The land was originally purchased in 1939 by the Frizzo family who were Italian immigrants. The family started farming the land and were relatively self-sufficient by farming pumpkins, peanuts, pigs, chickens, cucumbers tomatoes, capsicums and later pineapples, bananas and passionfruit.
As time passed the family built a large timber Queenslander style home called ‘Villa Maria’ on the property, which in time became the local post office, telephone exchange and Commonwealth Bank. At that time the area was called ‘Palmvale’ but was later changed to ‘Palmview’ when postcodes were introduced in 1967. The family home was also on many occasions used as a makeshift church with mass once a month.
The post war depression years also saw the family take in many swaggies which they would give a day or two’s work and then generously giving them some sandwiches and a drink for their journey.
The family were one of the first to establish a highway fruit stall and became famous for their freshly squeezed pineapple juice.

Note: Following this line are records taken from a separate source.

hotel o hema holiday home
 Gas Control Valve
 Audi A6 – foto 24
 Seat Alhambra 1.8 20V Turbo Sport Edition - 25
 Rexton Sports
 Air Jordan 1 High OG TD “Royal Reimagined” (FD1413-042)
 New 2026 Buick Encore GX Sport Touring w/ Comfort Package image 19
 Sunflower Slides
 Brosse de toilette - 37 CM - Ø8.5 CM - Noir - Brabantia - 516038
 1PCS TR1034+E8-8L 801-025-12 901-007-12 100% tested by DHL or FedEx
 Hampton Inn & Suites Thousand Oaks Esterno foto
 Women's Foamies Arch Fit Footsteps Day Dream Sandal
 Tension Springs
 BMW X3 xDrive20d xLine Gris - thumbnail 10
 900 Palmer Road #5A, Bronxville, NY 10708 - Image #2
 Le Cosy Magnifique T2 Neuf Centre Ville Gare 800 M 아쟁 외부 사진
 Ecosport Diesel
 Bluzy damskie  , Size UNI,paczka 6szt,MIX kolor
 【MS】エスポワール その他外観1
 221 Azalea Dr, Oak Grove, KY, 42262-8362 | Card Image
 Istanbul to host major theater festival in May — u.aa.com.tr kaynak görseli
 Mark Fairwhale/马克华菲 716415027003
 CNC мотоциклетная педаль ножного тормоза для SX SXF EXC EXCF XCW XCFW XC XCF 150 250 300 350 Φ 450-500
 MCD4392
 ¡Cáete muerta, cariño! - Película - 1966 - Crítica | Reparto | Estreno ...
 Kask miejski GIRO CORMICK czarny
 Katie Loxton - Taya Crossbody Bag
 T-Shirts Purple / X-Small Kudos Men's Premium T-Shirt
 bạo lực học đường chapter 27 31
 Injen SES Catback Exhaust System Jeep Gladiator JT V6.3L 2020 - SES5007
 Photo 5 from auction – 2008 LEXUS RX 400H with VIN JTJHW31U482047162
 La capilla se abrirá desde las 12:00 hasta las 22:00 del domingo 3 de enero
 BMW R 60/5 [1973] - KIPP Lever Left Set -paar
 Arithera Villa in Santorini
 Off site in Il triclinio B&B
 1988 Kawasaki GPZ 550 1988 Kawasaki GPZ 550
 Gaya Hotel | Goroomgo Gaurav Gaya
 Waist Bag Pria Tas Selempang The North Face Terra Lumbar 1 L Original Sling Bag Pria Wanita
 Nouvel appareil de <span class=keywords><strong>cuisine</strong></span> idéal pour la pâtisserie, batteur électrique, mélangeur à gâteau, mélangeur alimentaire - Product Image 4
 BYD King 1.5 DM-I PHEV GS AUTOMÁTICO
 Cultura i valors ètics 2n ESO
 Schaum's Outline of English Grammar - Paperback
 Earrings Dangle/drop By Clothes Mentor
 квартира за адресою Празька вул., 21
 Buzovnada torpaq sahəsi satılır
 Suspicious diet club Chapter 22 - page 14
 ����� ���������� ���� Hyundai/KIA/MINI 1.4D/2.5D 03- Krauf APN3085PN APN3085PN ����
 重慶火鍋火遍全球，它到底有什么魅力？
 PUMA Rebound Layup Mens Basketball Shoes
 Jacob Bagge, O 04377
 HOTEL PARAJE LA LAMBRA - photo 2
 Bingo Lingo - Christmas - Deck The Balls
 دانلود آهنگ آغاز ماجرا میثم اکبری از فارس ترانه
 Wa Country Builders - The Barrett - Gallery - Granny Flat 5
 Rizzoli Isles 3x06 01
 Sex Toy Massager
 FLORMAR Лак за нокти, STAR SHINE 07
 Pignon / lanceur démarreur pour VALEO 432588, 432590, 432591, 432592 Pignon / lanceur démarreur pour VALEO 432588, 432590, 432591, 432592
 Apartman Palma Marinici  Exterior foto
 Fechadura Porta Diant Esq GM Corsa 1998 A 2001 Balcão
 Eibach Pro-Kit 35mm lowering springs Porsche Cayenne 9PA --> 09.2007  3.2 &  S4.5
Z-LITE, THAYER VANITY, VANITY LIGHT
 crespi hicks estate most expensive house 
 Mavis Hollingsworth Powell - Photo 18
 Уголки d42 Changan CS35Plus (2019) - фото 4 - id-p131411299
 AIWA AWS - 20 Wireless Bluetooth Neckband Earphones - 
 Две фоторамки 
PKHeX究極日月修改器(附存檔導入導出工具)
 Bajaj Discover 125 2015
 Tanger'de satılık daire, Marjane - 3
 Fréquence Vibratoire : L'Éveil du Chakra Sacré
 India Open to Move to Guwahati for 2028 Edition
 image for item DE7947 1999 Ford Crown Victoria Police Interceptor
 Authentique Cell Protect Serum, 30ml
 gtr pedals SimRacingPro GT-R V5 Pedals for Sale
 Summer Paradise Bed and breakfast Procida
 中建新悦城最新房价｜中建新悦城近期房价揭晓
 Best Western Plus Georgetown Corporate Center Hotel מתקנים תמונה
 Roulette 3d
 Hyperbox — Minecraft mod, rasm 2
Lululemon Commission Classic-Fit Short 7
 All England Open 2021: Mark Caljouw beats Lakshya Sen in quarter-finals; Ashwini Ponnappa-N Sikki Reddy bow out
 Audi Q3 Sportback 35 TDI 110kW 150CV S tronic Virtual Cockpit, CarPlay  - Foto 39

The land was also logged for many years and the timber was used for notable projects such as bridge pylons for the Hornibrook Highway bridge connection to the Redcliffe Peninsular, and also for pylons for the construction of the landing jetties for the Australian Army in New Guinea during World War II.
Second World War
World War II saw the property occupied by military forces. The north eastern part of the site was established as a camp for the Victorian 3rd Division in preparation for departure to Papua New Guinea. This was followed by the southern end being occupied by the Light Horse Brigade camp, whilst later the north eastern sector of the property in the area currently occupied by Aussie World and the Ettamogah Pub Complex, and nearby was a camp occupied by the 9th Division. During this temporary occupation of military forces the women of the Frizzo family washed, sewed and ironed for the soldiers which was a saving grace and a godsend and this income ‘paid for the farm’. During this time the family continued to establish farming on the property.
When you look around Palmview Forest you will marvel at the strength and character of these early pioneer families who thought nothing of preparing the land for farming with just the use of such meagre implements as a brush hook and an axe.